Scope of SEP – Whether also covers non-digital transactions?

  • The definition of SEP was amended through Finance Act, 2020, wherein the term ‘digital means’ was deleted from Clause (b) of Explanation 2A to section 9(1)(i) of the Act. Thus, it can be inferred that SEP provisions cover ‘digital’ as well as ‘non-digital’ transactions.
  • Therefore, the scope of SEP is quite wide and can potentially cover any transaction carried out by a non-resident irrespective of whether it is through digital means or otherwise.
  • Further, vide Letter No. 370412/11/2018-TPL, the CBDT had called for suggestions/comments of stakeholders and the general public regarding revenue threshold for transactions in respect of physical goods or services.
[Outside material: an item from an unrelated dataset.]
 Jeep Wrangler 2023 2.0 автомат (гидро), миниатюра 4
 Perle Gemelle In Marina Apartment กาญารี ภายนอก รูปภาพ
Although Rule 11UD as enacted does not prescribe such threshold for physical goods or services, doubt still remains over the scope of SEP provisions.
  • However, another possible interpretation is that, although the words “through digital means” were deleted vide Finance Act, 2020, the intent to introduce the concept of SEP remains the same i.e. to levy tax on emerging business models in the era of “digital economy”. Such an inference could be drawn since the Committee on taxation of e-commerce formed by the CBDT which recommended the inclusion of SEP within the scope of ‘business connection’, was specifically formed to provide recommendations to address challenges posed by emerging business models in the “digital economy”. Further, BEPS Action Plan 1 on ‘Digital Economy’ recognises SEP as one of the measures for taxing digital transactions.
  • In this connection, it may be noted that vide Finance Act 2020, Explanation 3A to Section 9(1)(i) was inserted which has extended the scope of income attributable to operations in India as per Explanation 1 by including within its purview income from:
  • Advertisement services targeting Indian customers;
  • Sale of data;
  • Sale of goods and services using data collected.

The Finance Act also states that the above Explanation shall apply to income attributable to transactions or activities as referred to in Explanation 2A w.e.f. AY 2022-23.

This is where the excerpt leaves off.